As manufacturers push to digitize the factory floor, it’s essential to extract the right data from the processes to drive positive results.
The past year and a half has placed a spotlight on the improvements needed in global supply chains. It has also tested the resiliency of manufacturing processes and highlighted the vital importance of digitization and data on the shop floor.
Some manufacturers proved to be up to the task and thrived by adapting to the rapidly changing environment. Others that were not as flexible have struggled.
The one element that made the difference between manufacturers sinking or swimming during this turbulent time: embracing digitization and data. When done right, digitizing a factory can deliver incredible results. On the other hand, there can be many pitfalls and false starts that companies need to avoid in order to make a successful transition.
Manufacturers need to be aware of several critical success factors for transforming their business with data and digitization efforts. If they adhere to these best practices, they can see tremendous success with digital transformations.
Don’t Get Lost in Data
One good practice is not to get lost in datasets. A single production line can generate more than 70 terabytes of data per day, which equates to enough information to fit inside of five million phone books. So instead of aimlessly searching through mountains of data looking for insights, analytics and other teams should begin the process by defining the problem that needs to be solved and go from there.
While it might be tempting to dig through data stores to find potential jewels, more often than not this ends up being a productivity drain and a waste of time.
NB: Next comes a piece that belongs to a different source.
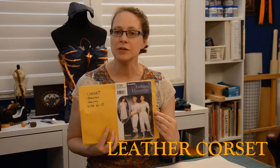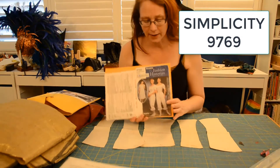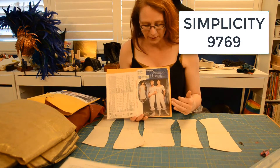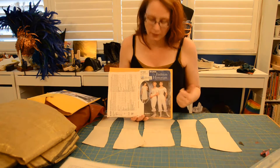Hello and welcome back to Adventures in Costuming and Cosplay. Today is Wonder Woman the Corset. I'm going to be using the Simplicity Pattern because it's actually a pretty good pattern for corset making. There are some things I have to do to modify it to make it fit better and also be the Wonder Woman corset that I want.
Instead, it’s better to figure out how data can enable the team to make lasting changes that will benefit customers from a quality, on-time delivery, or production standpoint.
Once the team has a specific problem in mind, parsing the data for a solution becomes much more focused.
Create a Plan
Another best practice is to develop a data and digitization plan. This is too big a shift to undertake without a comprehensive blueprint in place.
Manufacturers should spend 30% of the time thinking about how data can help solve a specific problem. Then, they should spend another 30% of time figuring out where the data to solve that problem resides and yet another 30% of time driving improvement based on that new data. Ideally, they should only spend 10% of the time on technical implementation.
The focus should always be on finding ways to extract information that helps drive business improvement in real-time without latency.
Invest in Training
Manufacturers need to turn raw data into action through training. People are the key to taking vast amounts of raw data and turning it into actionable information. And yet, the people leveraging the tools are among the most overlooked but critically important aspects of any technology adoption. Having humans in the loop is just as important as moon-shot approaches that drive closed-autonomous prescriptive controls.
This is especially true when it comes to digitized manufacturing. Therefore, manufacturers must invest in training that allows their employees to optimize technology investments and implement training programs that focus on system thinking, including broad uses of Artificial Intelligence (AI) and Machine Learning (ML). AI and ML can help humans make timely decision and detect trends faster, and more importantly, find anomalies that can lead to bad trends.
It doesn’t make sense to spend $10 million on hardware and software if a company does not invest in its employees to operate solutions with intelligence. Training comes in many forms, including step-by-step manuals, on-the-job training where workers can get hands-on experience with machine interfaces, and even simulated environments where they can work in a virtual environment without risking production line interruptions. Digitizing traditional training content like this can help deliver the immersive experience en masse.
Training programs must also put a focus on system thinking. For example, if an employee changes one machine, that can negatively impact equipment down the line and potentially disrupt downstream production. Having an understanding of the full system is paramount.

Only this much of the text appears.